A Summer of Sausages and Sun
As the summer wynds down and indoor beckons, it’s always nice to reflect on the season just past. This summer, the field was well mowed and dry underfoot so many thanks to Hutchinson’s groundsfolk. Weather was archery compatible, and Captain Sausage went from guest cameo on a Sunday to there being many sad sausage groupies when he was called away on other duties. The containers got painted and cleaned. Even our treasurer looked a little less fraught whenever someone presented an invoice to him. It was a pretty good summer. But anytime archers are grouped together there will be opportunities for photos of a dubious nature … and this summer was no different.
A Retrospective of 2022 – The Summer of the Sausage.
Captain Sausage and the all new Sausage Wagon. Its rumoured there are plans to acquire a small locomotive to pull it and more elderly archers round the field. Dire “threats of disciplinary action for crimes against the dignity of archery” have been rumoured if that does happen!
Here is proof that when the sight mark is accidentally set too high and the blood sugar is too low (pre sausagefest) … mistakes happen. Thank the archery gods for the Arojac™!
How many arrows can you see in the wood? Lets count them … (ps: its not 2!)
With the advent of Sausage Sunday, some of our archers seem to have taken to the alfresco dining experience a little too enthusiastically. Our Vice Chair (shown left) used to mock anyone turning up with more than a cereal bar and a flask of caf!
Apparently a cheeky Pinot Noir goes well with hotdogs! Who knew?
Of course after a hard morning’s coaching and your sausage repast … a nap in the fresh air is just what the Archery Doctor™ ordered.
However once archers have had their sausage power ups and their mid morning nap is over … there’s no telling what they’ll get up to. Apparently shots under the boss, over the crosspiece and through the rope at 50m with a longbow are possible! What was wrong with just shooting a 10?

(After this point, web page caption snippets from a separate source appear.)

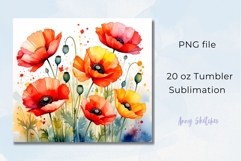 California Poppy Tumbler Wrap 20 oz Skinny Sublimation PNG Product Image 2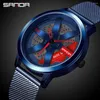 Orologi da polso Uomo Fashion Sell Car Rim Orologio da polso Quadrante ruota 3D Orologi Cintura in maglia d'acciaio Impermeabile Sport Quartz Relogio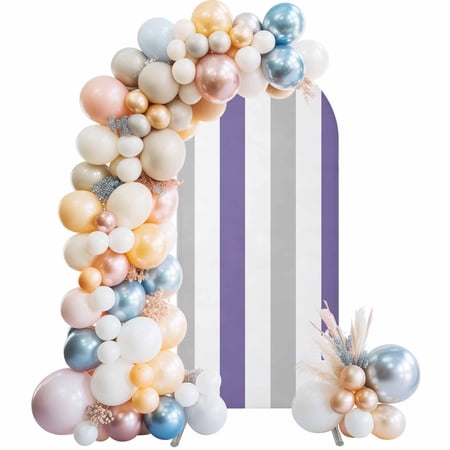 Purple Grey Striped Arch Backdrop Cover 7.2Ft, Wedding Arch Covers Stretchy Backdrop, Minimalist Farmhouse Stripe Fitted 2 Sided Arched Photo Background for Birthday Party Decorations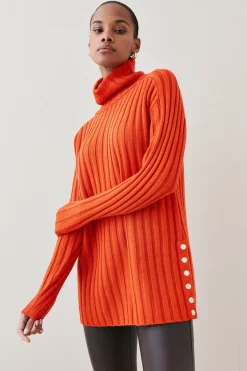 Coupon 😍 Karen Millen Wool Rib Roll Neck Jumper 😀 -Karen Millen Outlet store womens cobalt wool rib roll neck jumper 2
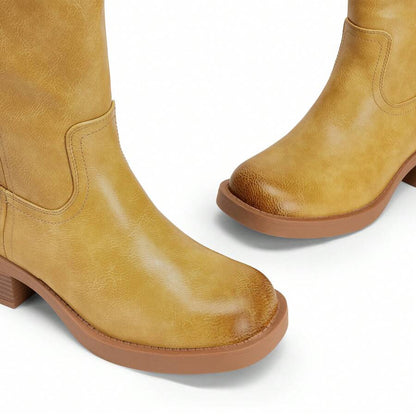Womens Square Toe Chunky Block Heel Knee High Boots Banana Campus Boots For Women Casual Comfortable Low Heel Side Zipper Riding Tall Boots Mensa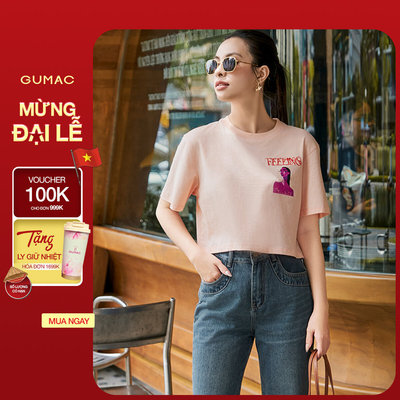 Áo thun nữ GUMAC in phối thêu  ATE07015
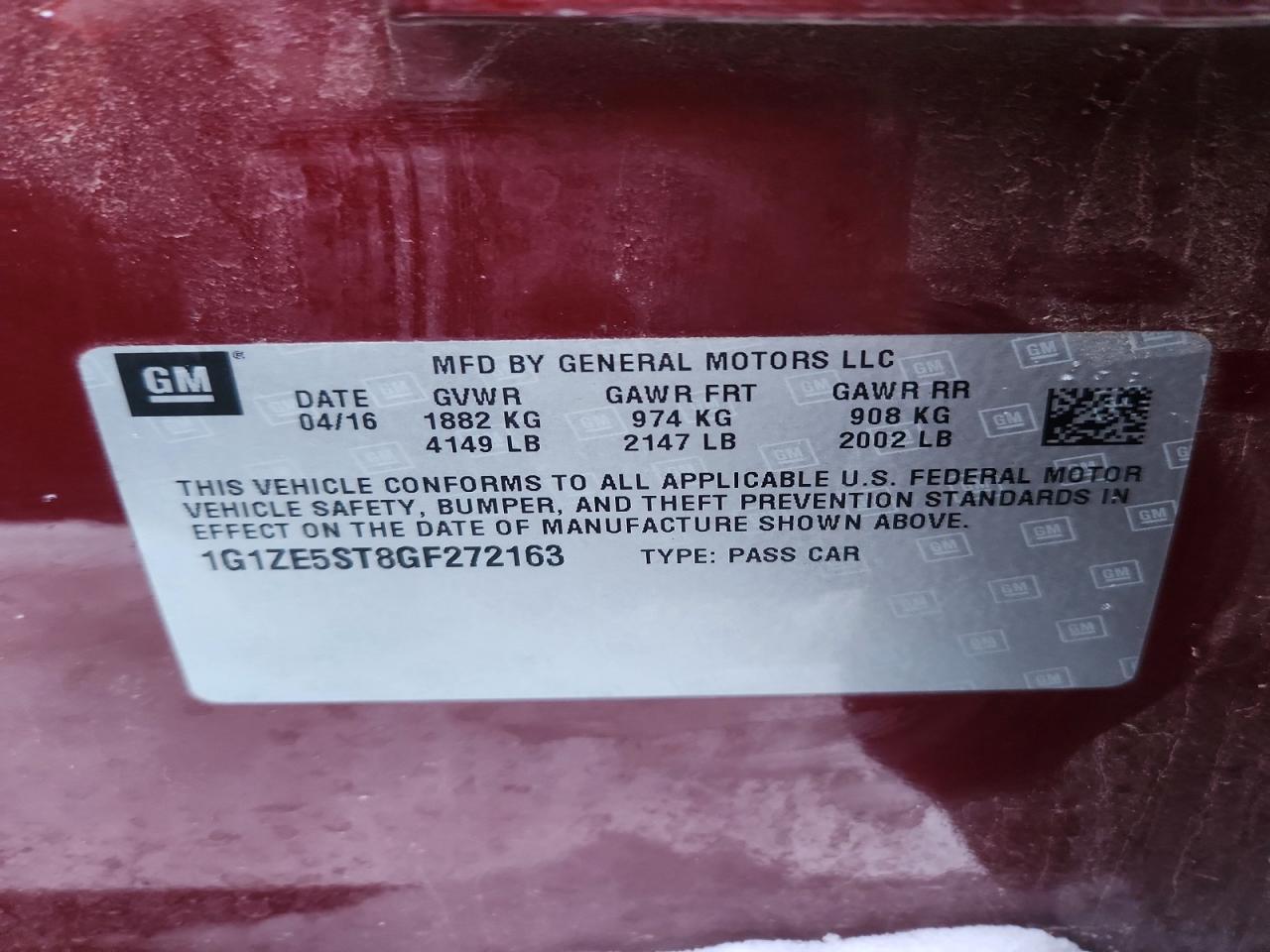 2016 Chevrolet Malibu Lt - zdjęcie 12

… and then there are those that just want to strut their funky stuff. Perhaps trying to work off all those calories and saturated fats going to town on already dangerously clogged Glaswegian hearts and arteries.

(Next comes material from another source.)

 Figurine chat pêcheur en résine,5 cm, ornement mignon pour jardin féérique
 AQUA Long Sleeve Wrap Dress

On the other hand, he’s not growling … Shake it V-C!
Spare a thought at this time for those who sit alone. Possibly due to frustration, fatigue, heartburn or, more likely, just longing for a little quiet from more gossipy or loud archers. A seeker of zen tranquility amidst the hubbub of the line … or as its known in Glasgow, “gies peace”.
So as the summer ends, it is hoped for each day of practice during the outdoor season at GA, a well fed and cherished member might have found the inspiration sought. That elusive sliver of form or technical insight. Enough awareness so that the lightbulb of comprehension might pop on above their head and light the way to the next plateau.

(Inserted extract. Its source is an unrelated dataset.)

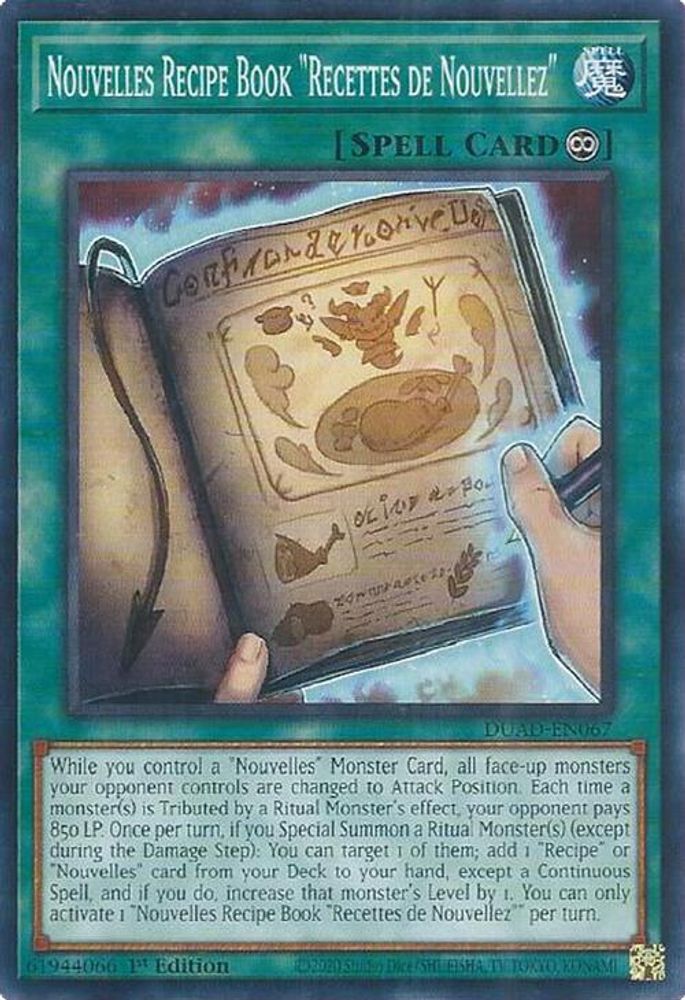 2025 YuGiOh: Duelist's Advance (DUAD) - Nouvelles Recipe Book Recettes de Nouvellez (#DUAD-EN067, Common) (1st Edition, Near Mint)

Shame its more likely they just got stuck on the clicker again.
Rounding off the outdoor season, Glasgow Archers would like to thank all those who joined us this summer. To shoot, gossip, snooze, picnic, complain, cook, clean & paint containers, banter and gossip some more but especially to those who donated natures perfect food so we could all get our sausage on.
And in the style of Marvel movie end credits …
Captain Sausage will return in the fall.